Referring to FIG. 2, the lithium ion capacitor 100 has a stacked structure in which the anode 10 and the cathode 20 are alternately arranged. The lithium ion capacitor 100 is provided with a separator 30 between the anode 10 and the cathode 20 to separate the anode 10 and the cathode 20 from each other. At this time, the lithium ion capacitor 100 is provided with the lithium metal oxide electrode 40 between the anode 10 and the separator 30.

For example, the lithium ion capacitor 100 is provided with a first cathode 21 on the first separator 31 and a second separator 33 on the first cathode 21. The lithium ion capacitor 100 is provided with a first lithium metal oxide electrode 41 on the second separator 33 and an anode 10 on the first lithium metal oxide electrode 41. The lithium ion capacitor 100 is provided with a second lithium metal oxide electrode 43 on the anode 10 and a third separation membrane 35 on the second lithium metal oxide electrode 43. The lithium ion capacitor 100 is provided with a second cathode 23 on the third separator 35 and a fourth separator 37 on the second cathode 23.

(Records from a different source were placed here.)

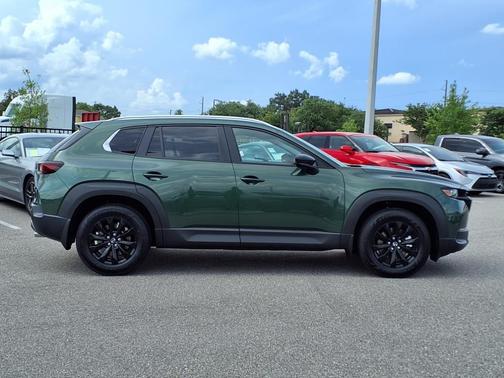 2025 Mazda CX-50 2.5 S Premium Package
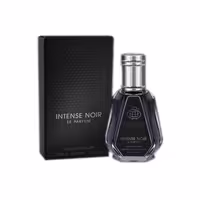 عطر ادکلن 50 میل فراگرنس ورد مدل اینتنس نویر له پارفوم Intense Noir Le Parfum FRAGRANCE WORLD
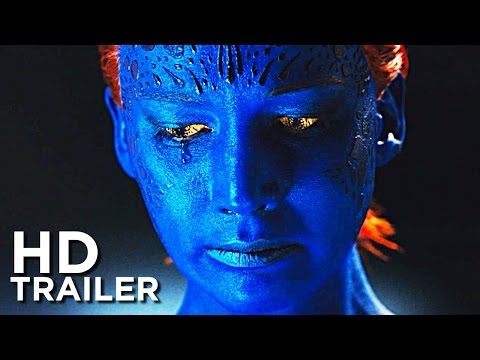 Youtube: X-MEN: ZUKUNFT IST VERGANGENHEIT - Trailer (Deutsch | German) | HD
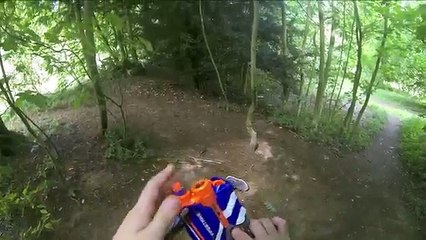 Nerf War: First Person Shooter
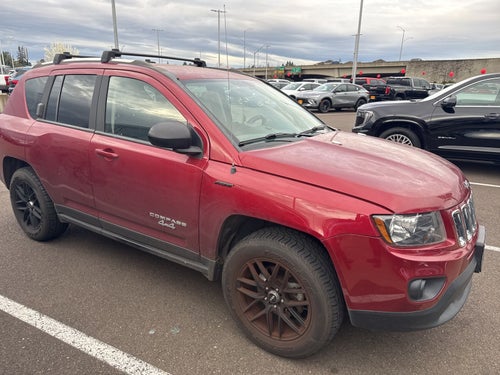 2014 Jeep Compass Sport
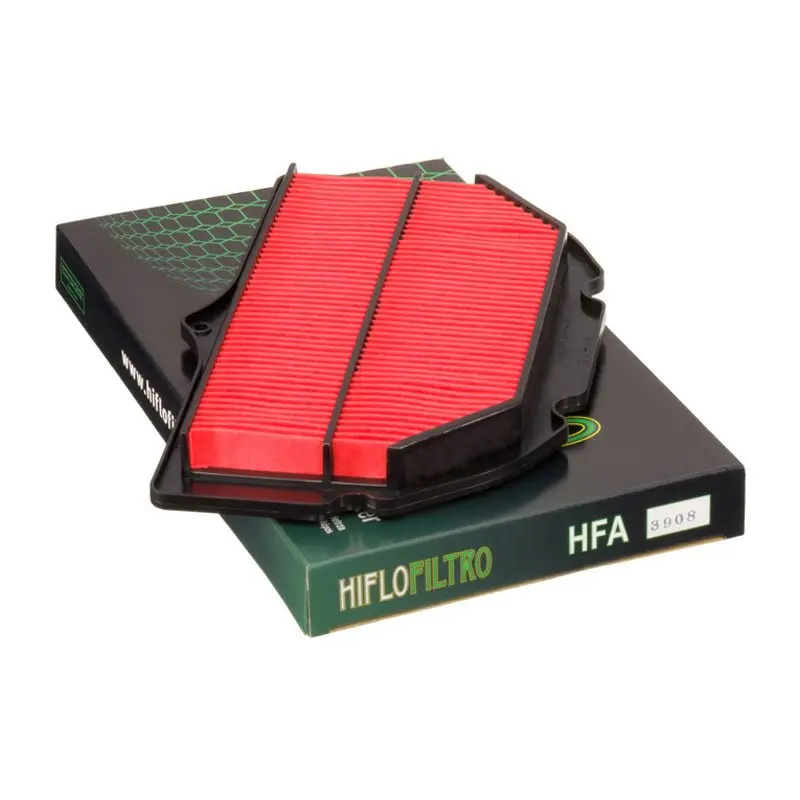 Hiflofiltro Replacement Air Filter Suzuki Motorcycle 1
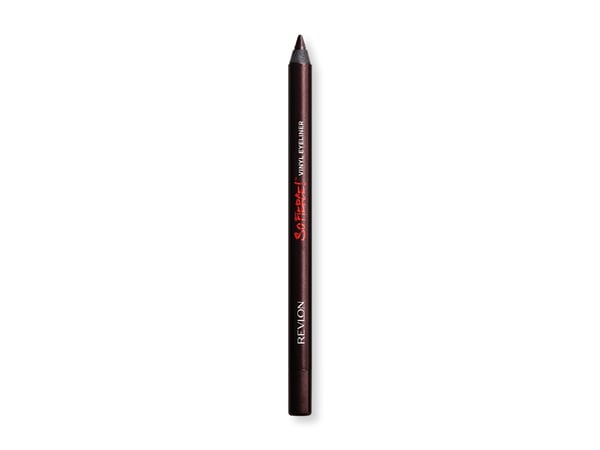 Revlon So Fierce!, Geeli, Lyijykynä, Bordeaux, Naisten, Glitter, 16 h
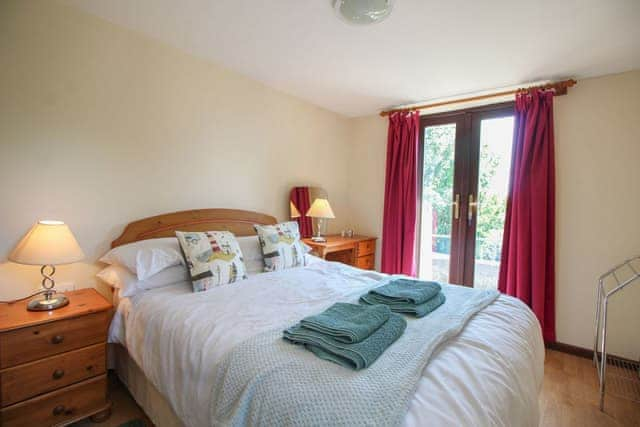 Barn Cottage - Forda Farm Cottages, Bude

Thus, the lithium ion capacitor 100 is formed such that the lithium ions 50 undoped from the first lithium metal oxide electrode 41 pass through the second separator 35 and are doped into the first cathode 21, 2 lithium metal oxide electrode 43 can be doped into the second cathode 23 through the third separator 35. [

That is, the lithium ion capacitor 100 can facilitate lithium pre-doping by providing the lithium metal oxide electrode 40 as a lithium ion supply source between the lamination structure of the anode 10 and the cathode 20. [

2, a separator 30, which is in contact with the cathode 20, is provided on the end surface. However, in another embodiment, when the separator 30 contacting the anode 10 is provided on the end surface, one surface of the anode 10 is in contact with the lithium metal oxide electrode 40 and the other surface is in contact with the separator 30 Touch.

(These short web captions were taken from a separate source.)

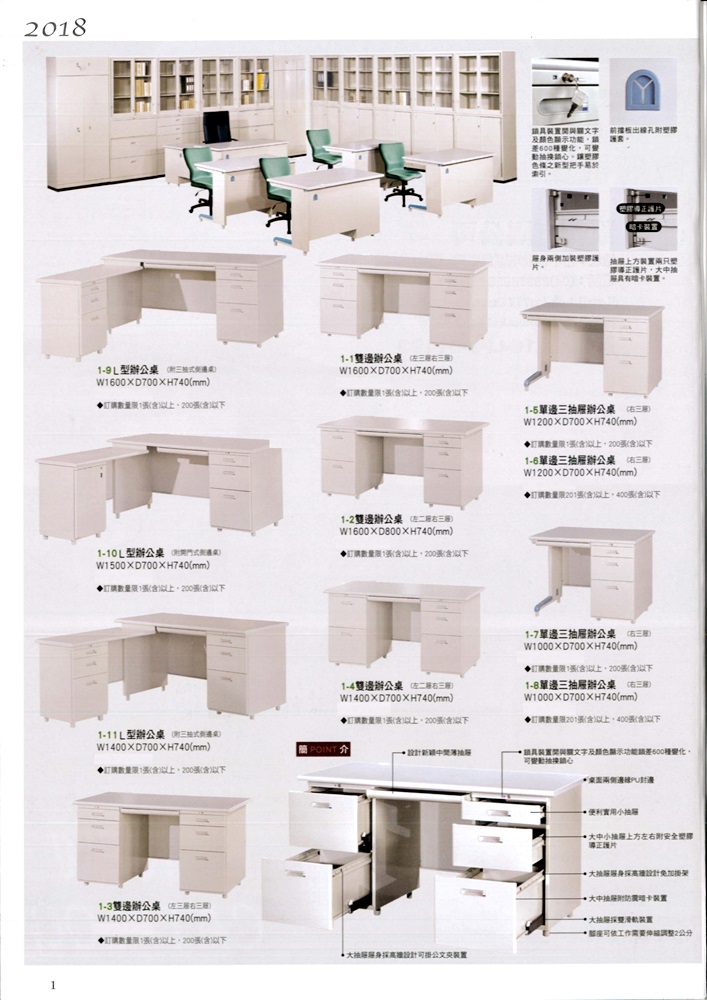 政府機關辦公家具採購總覽P01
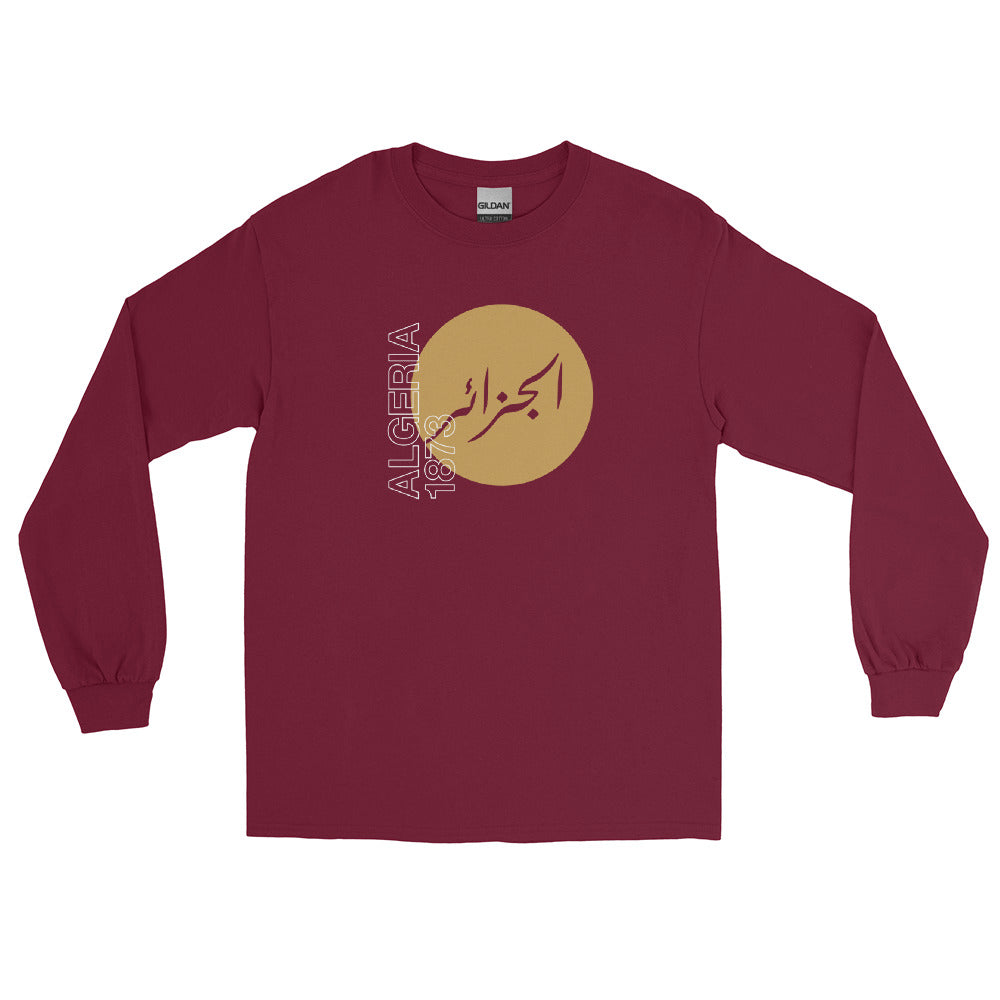Algeria 1873 - Long Sleeve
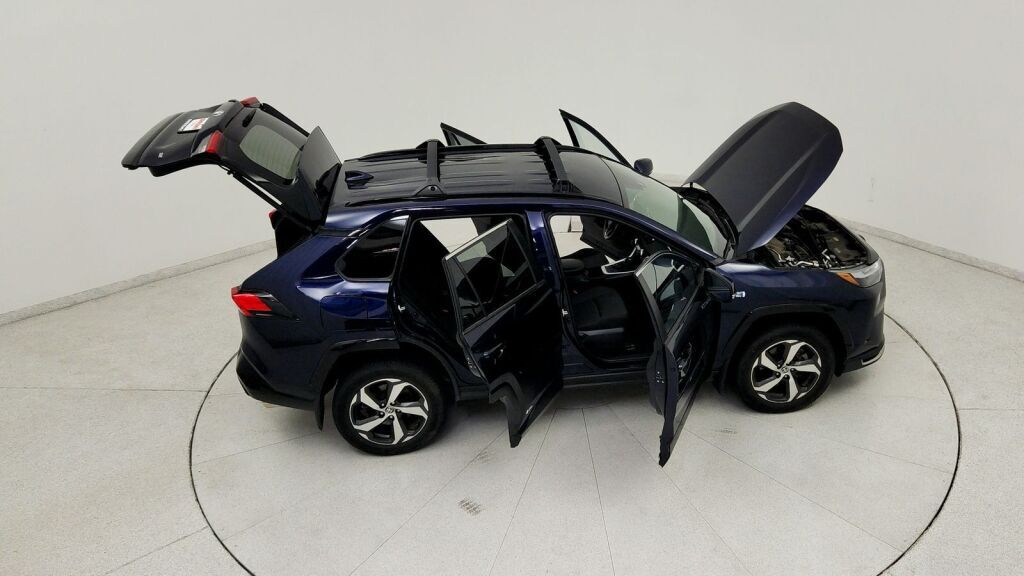 2024 Toyota RAV4 Prime SE Laurel MD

That is, when one surface of the separator 30 is in contact with the anode 10, the other surface is an end surface of the lithium ion capacitor 100.

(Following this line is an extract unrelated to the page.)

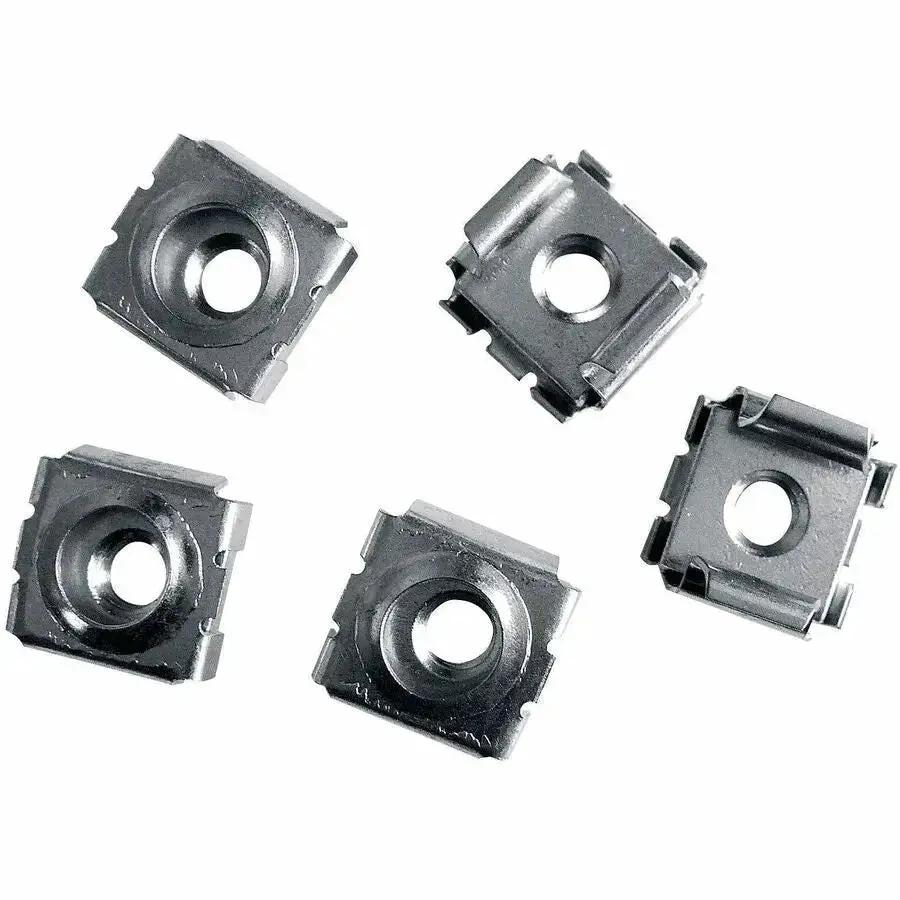 Legrand Group Middle Atlantic CN1032-50 10-32 Cage Nuts - 50 Pack for Rack Compatibility by Legrand Group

While the present invention has been particularly shown and described with reference to exemplary embodiments thereof, it is clearly understood that the same is by way of illustration and example only and is not to be taken by way of limitation in the embodiment in which said invention is directed. It will be understood by those skilled in the art that various changes in form and detail may be made therein without departing from the scope of the appended claims.

10: anode 20: cathode
21: first negative electrode 23: second negative electrode
30: separator 31: first separator
33: second separation membrane 35: third separation membrane
37: fourth separation membrane 40: lithium metal oxide electrode
41: first lithium metal oxide electrode 43: second lithium metal oxide electrode
50: lithium ion 100: lithium ion capacitor

Claims (3)

A positive electrode and a negative electrode which are alternately arranged and laminated;
A separator provided between the anode and the cathode; And
A lithium metal oxide electrode provided between the anode and the separator to provide lithium ions when the cathode is lithium-doped and formed of lithium metal oxide;
/ RTI > The method according to claim 1,
The separation membrane includes:
Wherein when one surface is in contact with the anode, the other surface is an end surface. The method according to claim 1,
Wherein the lithium metal oxide electrode comprises:
Lithium manganese oxide (LiMn ₂ O ₄ ).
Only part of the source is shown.